I am sorry to discover this thread so late. I have a son with Autism and I know that challenges that you are facing. I can advice only from my experience.
First of all, do not think she is "sick". It is not a sickness that can be cured. She most probably have some sort of high level autism that was not diagnosed and treated properly during her early childhood. As such, she got abused in school and home because people think she is just being "difficult". That trauma has manifested into serious mental disorder which she developed to cope with by staying in bed doing nothing. That is her "safezone" where no one can cause harm to her. I feel really sad as I can imagine the kind of things she has gone through for the past 21 years. I do not want to question on why she her issue was discovered so late but that is one mistake that really caused something very very hard to recover from as she is already an adult and it is very hard to teach her to live with her condition. Still, there are still a lot of things that can be done and if proper intervention can be applied she can live a better life and even be independent.
Secondly, please get her diagnosed properly what kind of "learning disorder" that she has. Send her to proper psychiatrist and NOT hospital. You can contact NASOM (google for this) and see if they can help to diagnose her condition. It is really important to find out her exact mental disorder as it could be more than one condition.
Thirdly, please know that there are no "cure" for this kind of problem. Medication cannot really cure the problem. It only suppress her mental state and sometimes it causes side effects that make things worst. The only way to deal with this is to be patient and teach her to be independent. A lot of high level autistic child are actually very smart and can do things that sometimes no normal people can do. Some became math wizard or famous artist and so on.

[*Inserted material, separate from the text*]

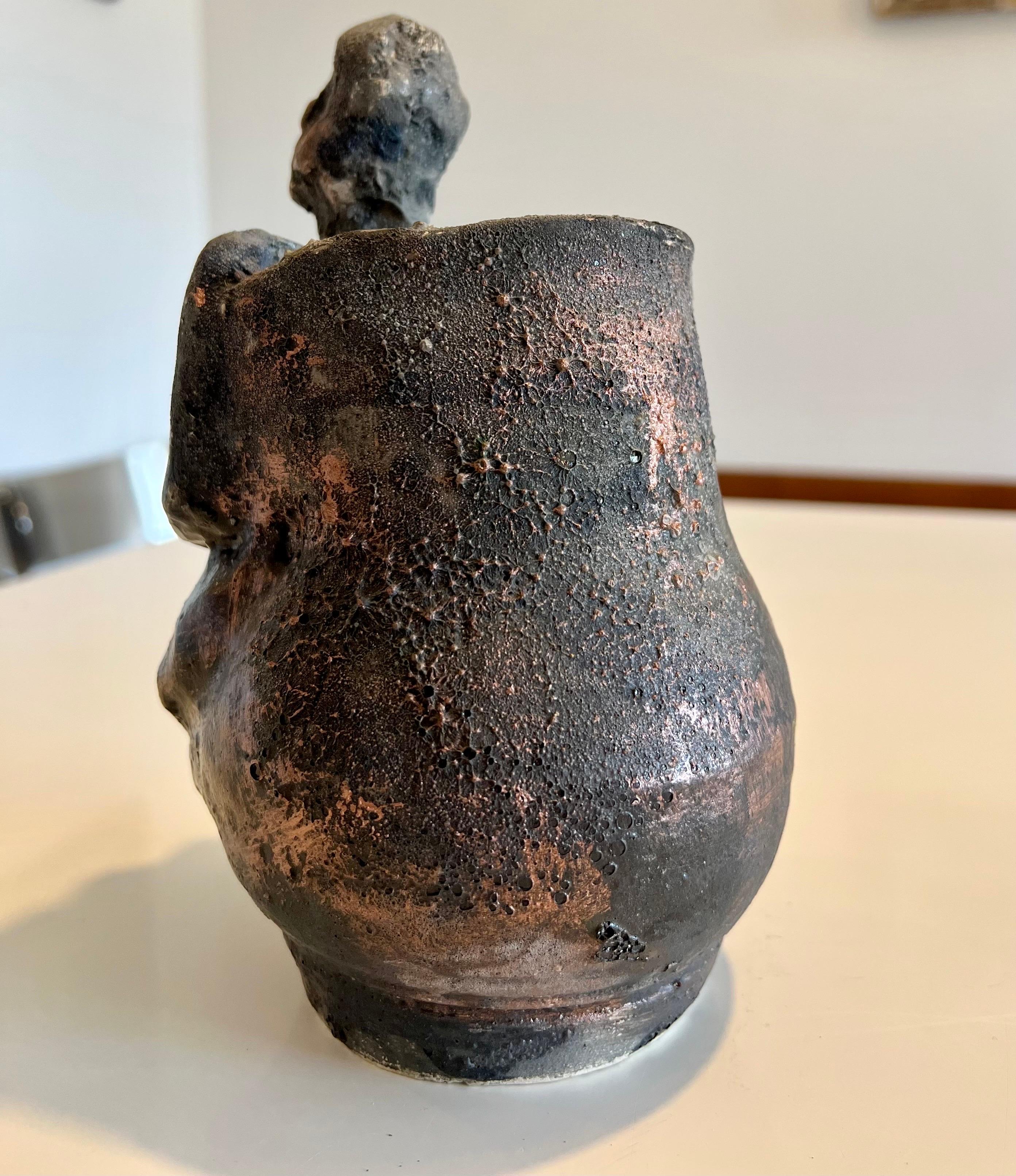 Vaso scultura in ceramica brutalista con finitura lustro bronzo Espressionista californiano - Figurative Sculpture Beige di Jenik Cook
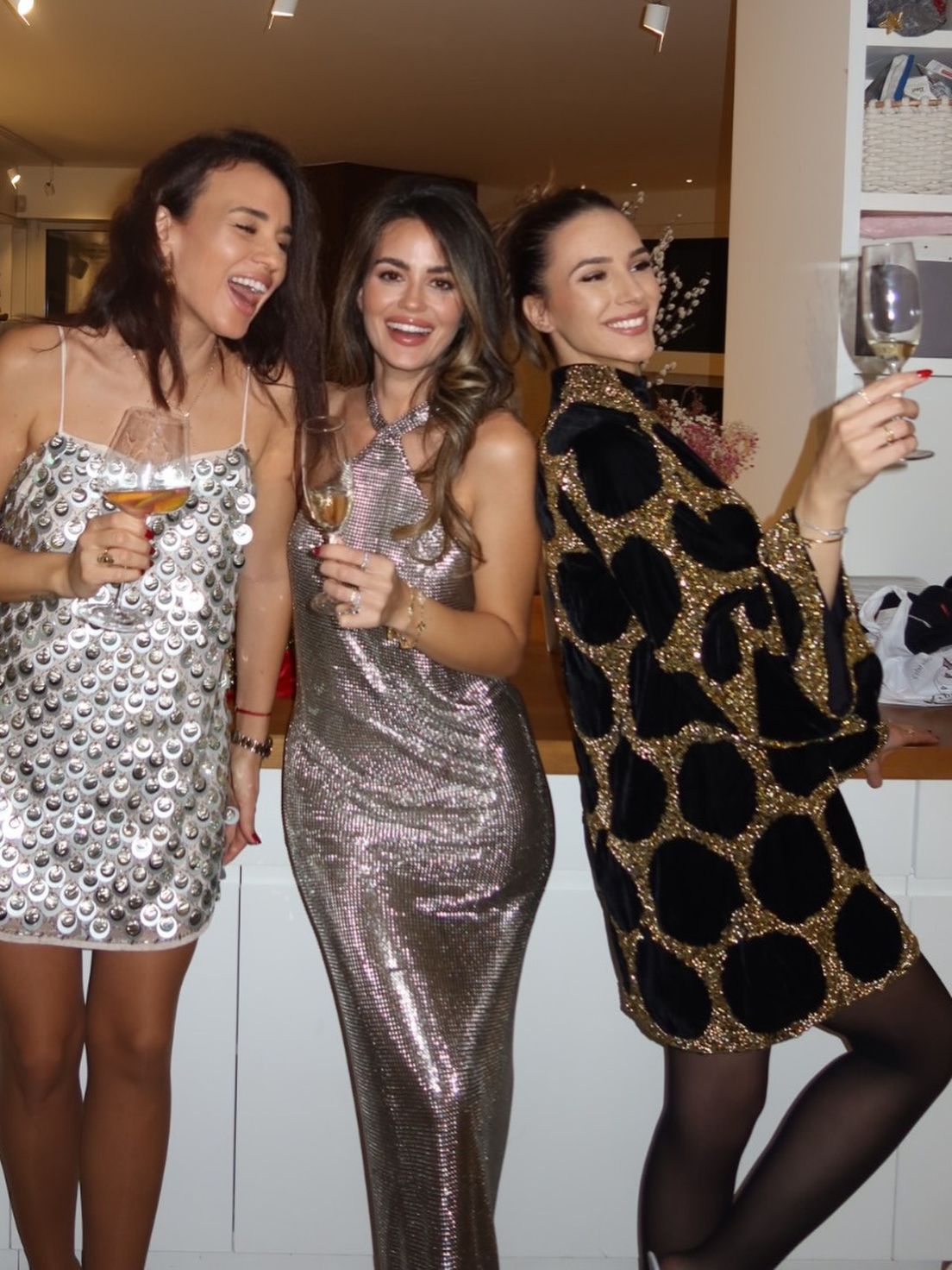 Adriana Ćaleta-Car zablistala: Glamur, obitelj i španjolski šarm u savršenom spoju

The most important thing is for your family to accept that she is special. Do not blame her for things that she does as she does not have the capability to act like normal people. Be kind to her and patience. Use positive enforcement to encourage her to do things. Like example, if she like chocolates, tell her you will give her chocolate if she go to toilet properly.
I have been trying to create support group for parents with autistic child for many times in this forum but Malaysians parents are just too ignorant to admit their child have this issue. This is the exact thing I was trying to teach parents and avoid late intervention. Damn it!